La Bataille du rail
de René Clément
Sélection officielle
Cannes Classics






Un train peut en cacher un autre

Une présentation de l’Ina. Film numérisé et restauré par l’Ina avec le soutien du CNC. Restauration en 2K réalisée à partir d’un marron acétate et d’une copie zéro. Moyens techniques : Jean-Pierre Peltier. Coordination : Bénilde Da Ponte, Brice Amouroux.

Pendant la Seconde Guerre mondiale, des travailleurs du rail s’activent dans l’ombre pour lutter contre l’Occupation nazie au péril de leur vie : renseignements, transports clandestins, sabotages… En juin 1944, alors que le débarquement vient d’avoir lieu, la lutte menée par le réseau Résistance-Fer s’intensifie. Athos, chef d’une gare de triage, et son adjoint Camargue vont tout mettre en œuvre, avec l’aide de nombreux cheminots, pour ralentir l’avancée des renforts allemands vers la Normandie… Premier long métrage de René Clément, La Bataille du rail a été réalisé sur l’initiative de la Commission Militaire et du Conseil National de la Résistance, ainsi que du directeur de la photo Henri Alekan. Mêlant intelligemment documentaire et fiction, acteurs et non-professionnels, le film est à la base une commande à la gloire des cheminots dressés contre l’occupant, et reflète un patriotisme bien dans l’esprit de l’après-guerre, soucieux de donner une image consensuelle d’une France résistante et combative. Tourné essentiellement à Saint-Brieuc et dans les Côtes d’Armor, La Bataille du rail frappe par son côté à la fois artisanal et élaboré, technique et lyrique, avec un souci de la reconstitution impressionnant dans plusieurs scènes mémorables, dont celles des déraillements de trains allemands.

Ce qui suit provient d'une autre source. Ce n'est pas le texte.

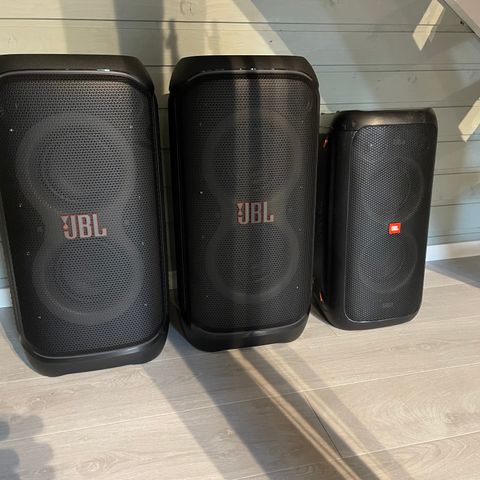 JBL PARTYBOX STAGE 320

L’œuvre a des points communs avec le néoréalisme italien de Rossellini, qui avait livré un brûlot esthétique et politique avec Rome ville ouverte. On ne saurait donc réduire La Bataille du rail à un simple « bon film de technicien », comme l’avait estimé avec condescendance Jean-Luc Godard. Il est pourtant vrai que le film frappe aussi par ses qualités « professionnelles », les séquences les plus spectaculaires et émotionnelles annonçant sa veine « grand public », qui donnera d’autres films sur le thème des Français sous l’Occupation : Le Père tranquille, Jeux interdits, Le Jour et l’heure ou Paris brûle-t-il ? Il n’empêche que le cinéaste, sincèrement passionné par ce sujet, avait ici une démarche peu utilisée dans le cinéma français de l’époque, si l’on excepte Espoir d’André Malraux, et quelques films de Louis Daquin et Marcello Pagliero. On peut par contre, rétrospectivement, émettre des réserves historiques. Il est en effet connu, depuis certains travaux, que la direction de la SNCF a montré, de 1940 à 1944, une collaboration active avec l’occupant, sanctionnant les rares cheminots rebelles, de par la culture gestionnaire et le carriérisme de ses cadres dirigeants. La production du film a donc sans doute eu pour objectif de redorer le blason de cette société nationale… Cette polémique n’enlève rien aux qualités réelles du film, même si on peut lui préférer des œuvres plus personnelles de Clément, comme Monsieur Ripois ou Plein soleil. La Bataille du rail obtint la plus haute distinction au palmarès de la première édition du Festival de Cannes.

Gérard Crespo



 

 


1946 - 1h25 - France - Scénario : Colette AUDRY, René CLÉMENT - Interprétation : Jean DAURAND, Jean CLARIEUX, Tony LAURENT.